Content starts
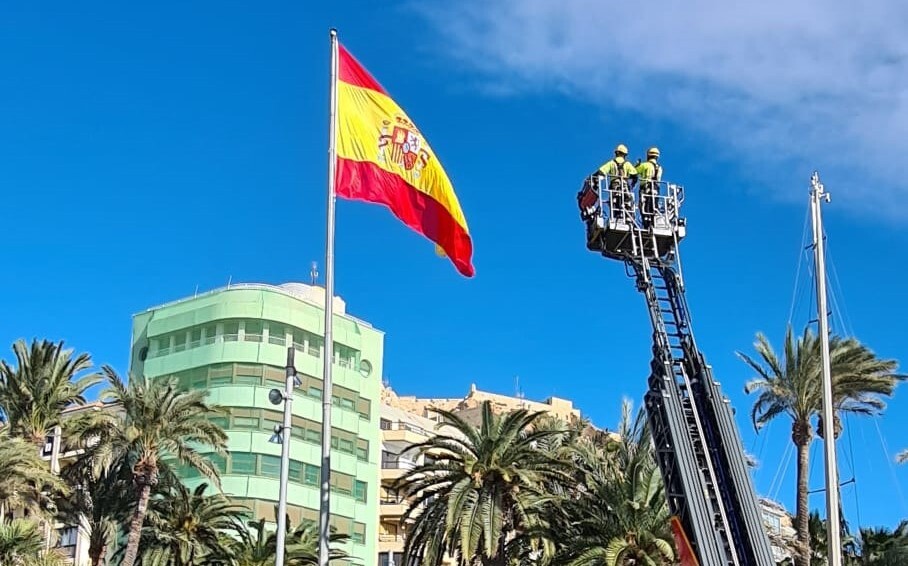 Alicante renueva la bandera de España de 30 m² que ondea en la Plaza del Mar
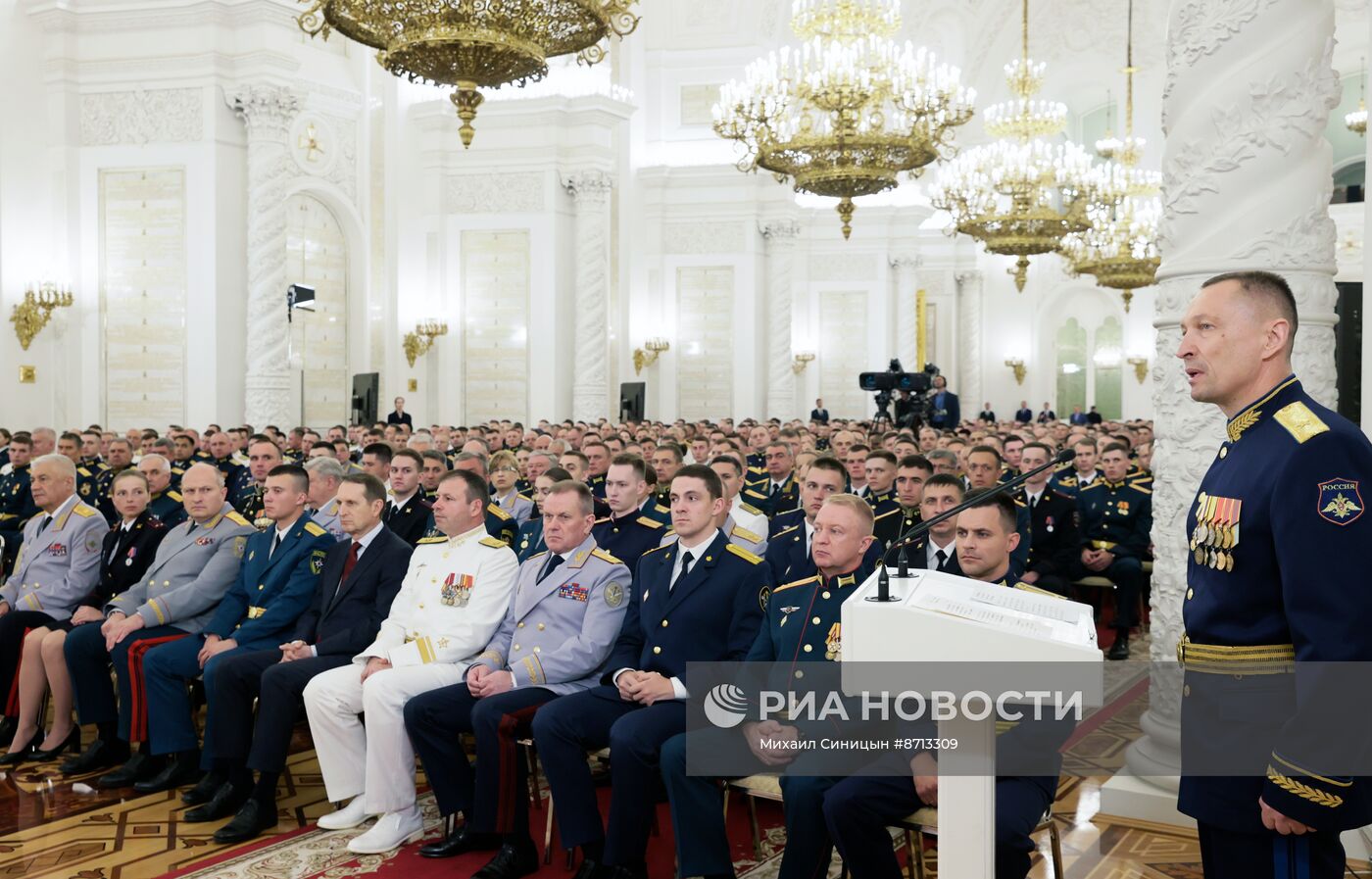 Президент Владимир Путин поздравил выпускников вузов Минобороны, МЧС, ФСБ,  ФСО, Росгвардии, МВД, Следственного комитета и ФСИН | РИА Новости Медиабанк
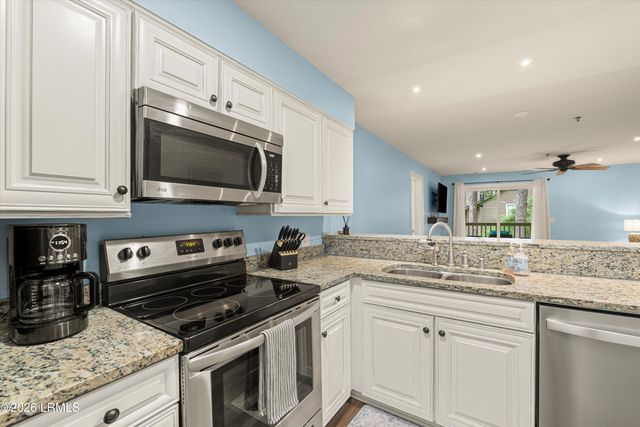 50 Yacht Cove Dr Apt 220, Hilton Head Island, SC 29928
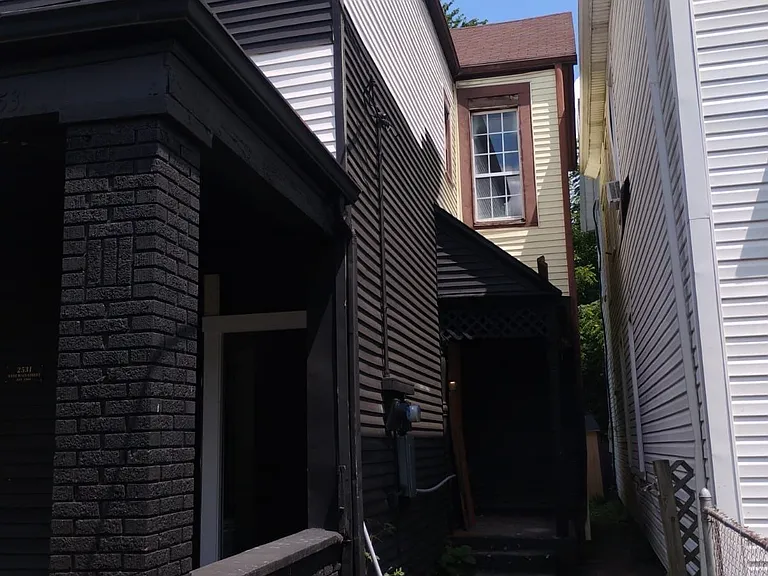 2531 W Main St — Photo 3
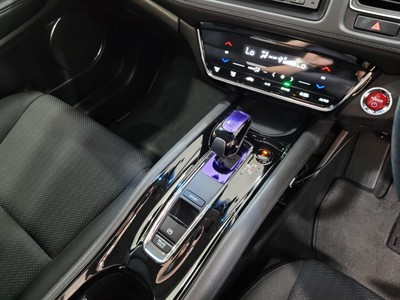 2017 Honda Vezel - Thumbnail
Content ends
--- Task prompt ---
Output a faithful copy of the data, with each picture left out.

--- Task answer ---
 Alicante renueva la bandera de España de 30 m² que ondea en la Plaza del Mar
 Президент Владимир Путин поздравил выпускников вузов Минобороны, МЧС, ФСБ,  ФСО, Росгвардии, МВД, Следственного комитета и ФСИН | РИА Новости Медиабанк
 50 Yacht Cove Dr Apt 220, Hilton Head Island, SC 29928
 2531 W Main St — Photo 3
 2017 Honda Vezel - Thumbnail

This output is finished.